In the beginning, the irony was just how much the future resembled the past. The details were different, of course, but the echoes of the 19th-century city could be seen at every turn. The new community was organized around a grid of narrow streets along which pedestrians, including kids, cyclists and driverless vehicles travelled effortlessly. Traffic was slow, but steady. And you know who they say wins the race.
Congestion, the only thing Toronto mayors really cared about back then, was eliminated. Mixed-use zoning meant that many residents could walk to work in minutes. No one even thought about driving their kids to school.
Mostly though, it was the scale of Quayside — human-sized and intimate — that attracted people. Now that almost all the Port Lands have been remade in its image, the results have left even skeptics agog. This is a series of neighbourhoods designed for the benefit of residents, not their cars.
Probably the most unexpected result, however, was the impact of the extra hour or three people gained with the disappearance of congestion, and at the same time, the much decreased dependance on the automobile and all the issues its creates. The obsession with parking, for example, which bedevilled 20th-century Torontonians, evaporated. Road rage has also become a thing of the past. People are generally calmer and less paranoid.
The changes led to a shift in the culture of Toronto; people took the time to stop and chat — in the middle of the street. Port Lands kids now roam more freely than kids in the city had in decades. It helps that Toronto's current mayor, Jasmine Ansari, was elected on a platform of making the city, including its streets, safe for children.
Quayside was a game-changer; it wasn't just an example but also a reminder of what had been lost in a city where for as long as anyone could remember planners had allowed runaway development, no matter how unhealthy it was.
The Toronto condo boom took on a whole new meaning with the Exploding Glass Crisis of the late 2020s. Shoddy construction and cheap materials led to the abandonment of dozens of residential towers when the cladding started to come apart. Not only did thousands have to find new places to live, they lost millions when their condos became all but worthless.
The only good thing was that many were turned into vertical farms and the city now produces so much food it is nearly self-sufficient.
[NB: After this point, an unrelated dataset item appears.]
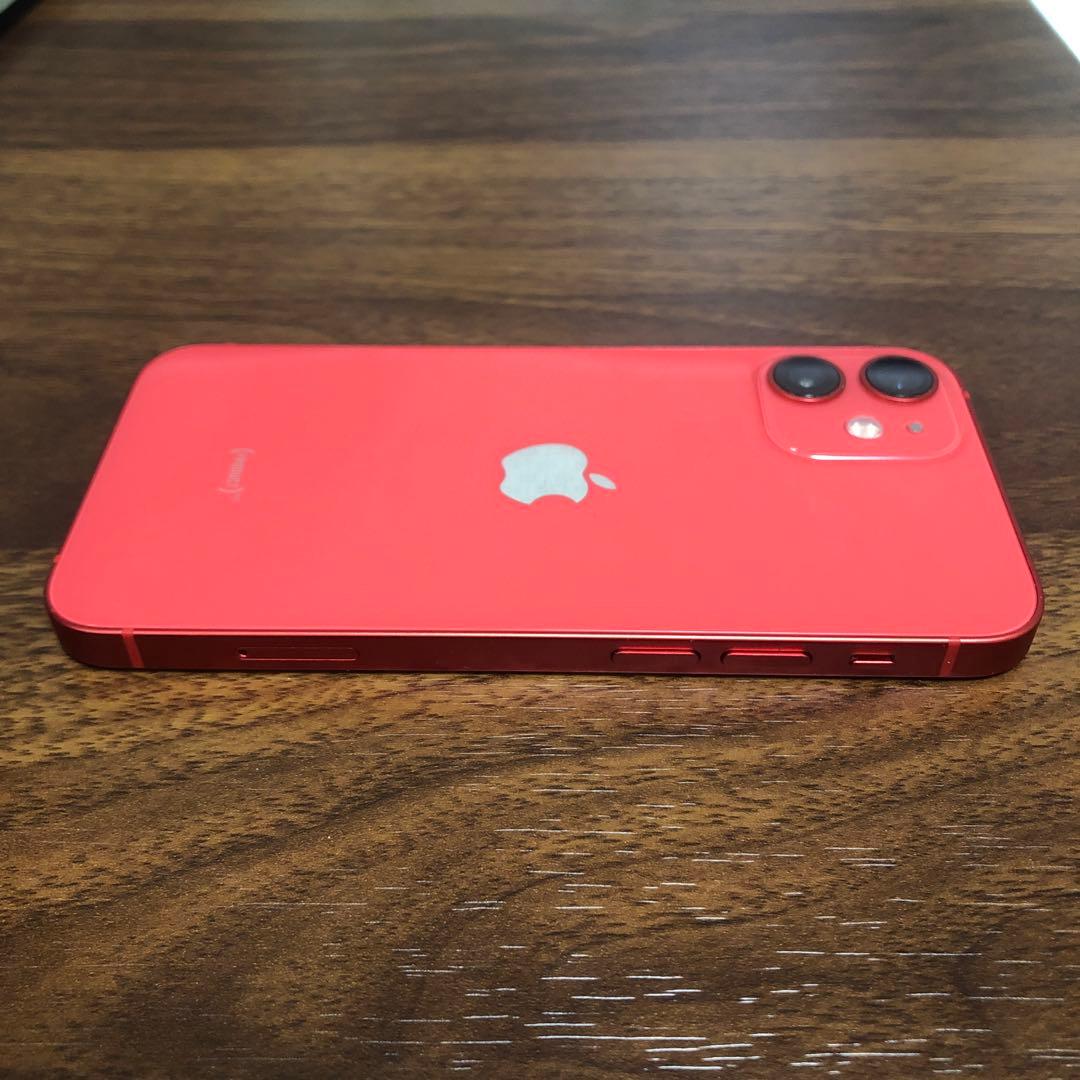 【訳あり】iPhone 12 mini 128GB レッド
Little wonder the main criticism of the new Port Lands came from the development industry and city planners. Not only did Sidewalk Labs build better, it built cheaper and a whole lot faster. Because of artificial intelligence and the rise in unemployment, affordable housing remains a problem here and around the world. But modular construction techniques, tall wood-structure buildings, ultra-passive house technology and super-flexible design mean significantly lower building costs.
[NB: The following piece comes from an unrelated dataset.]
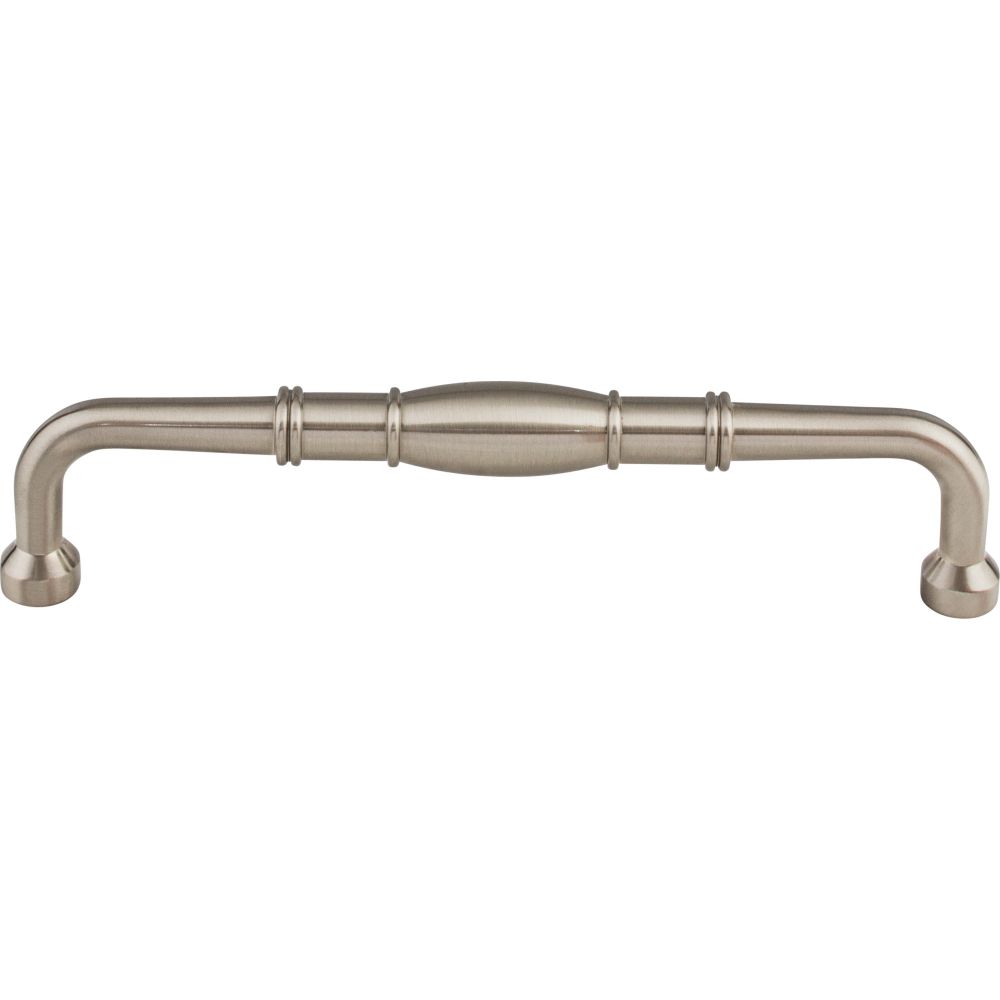 Top Knobs M841-7 Normandy D-Pull 7" (c-c) - Brushed Satin Nickel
This is where the future came to Toronto. And this is where it will stay.Dave Lake, Future Ward 52 Councillor
In addition, district heating, photovoltaic surfaces, a micro-grid for electric vehicles as well as traditional touches such as awnings and canopies mean much less energy is consumed. Putting trash collection and recycling facilities underground also allows for the elimination of garbage trucks and bins from the streets.
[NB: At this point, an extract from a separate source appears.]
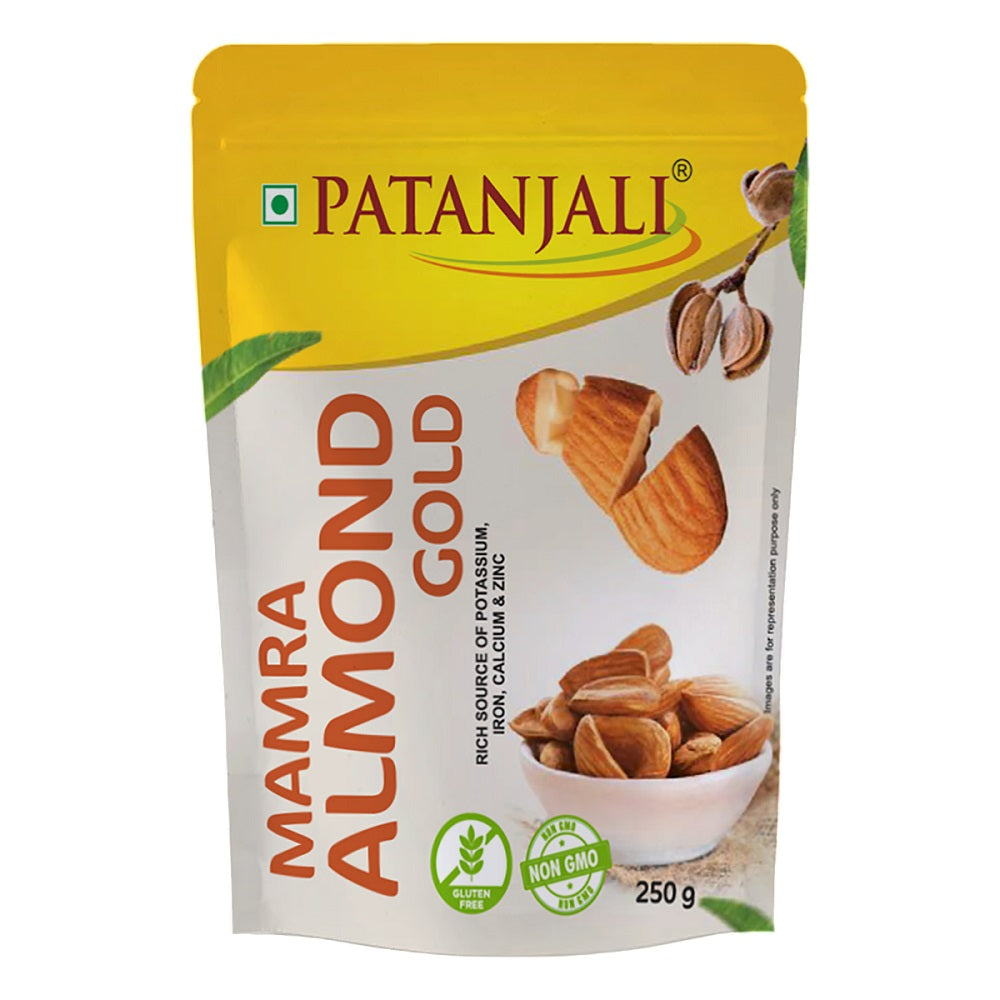 Patanjali Mamra Almond Gold 250g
Developers cried foul, of course, but except for the city councillors who represented them, they were largely ignored. Like the car manufacturers that stayed with fossil-fuel technology, they eventually disappeared. The planning department was put in charge of upgrading municipally owned buildings, which has kept it busy for the last two decades.
As local councillor Dave Lake (Ward 52 — Port Lands) likes to say, "This is where the future came to Toronto. And this is where it will stay."